═══ Input data ═══

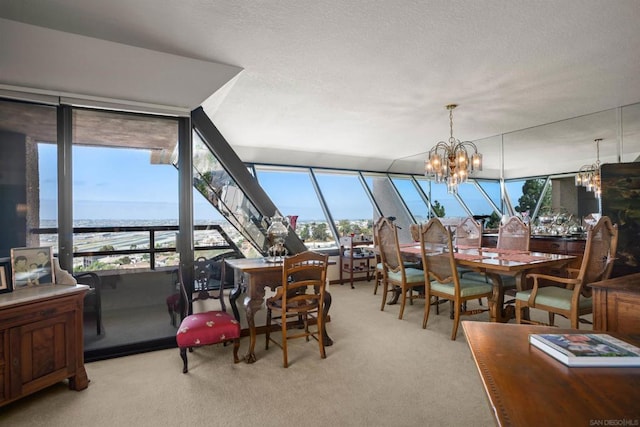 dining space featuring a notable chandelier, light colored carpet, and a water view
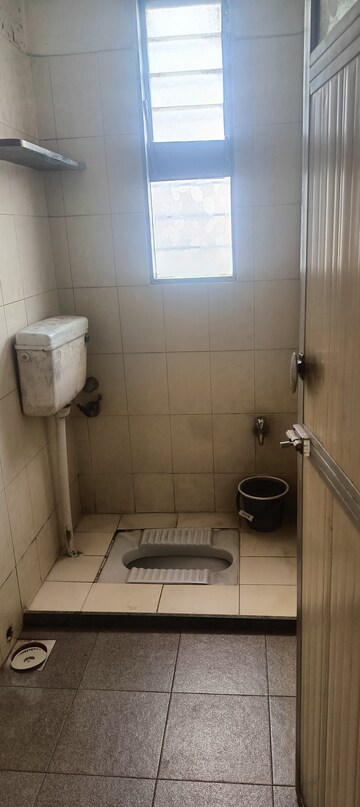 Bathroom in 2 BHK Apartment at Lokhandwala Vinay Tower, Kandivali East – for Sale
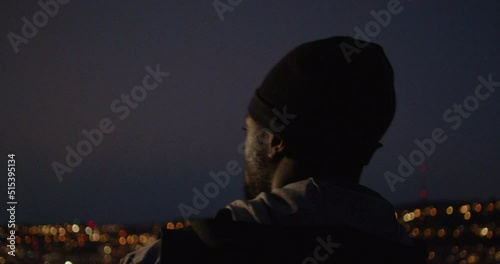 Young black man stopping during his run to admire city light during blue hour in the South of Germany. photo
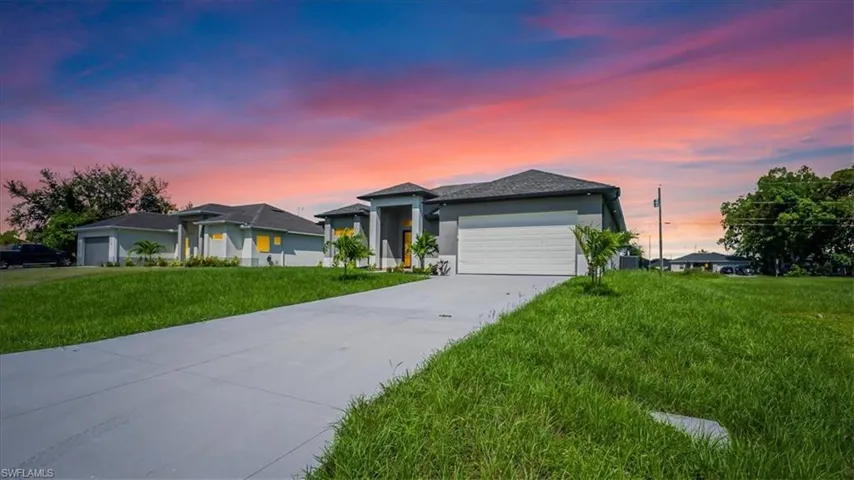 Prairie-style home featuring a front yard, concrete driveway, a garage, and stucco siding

═══

- _Exercise goal_: Please give again, word for word, the lines from the one containing "Young black man" through the last line of the listing above, inclusive, and leave out pictures.

- _Solution to the exercise_:
 Young black man stopping during his run to admire city light during blue hour in the South of Germany. photo
 Prairie-style home featuring a front yard, concrete driveway, a garage, and stucco siding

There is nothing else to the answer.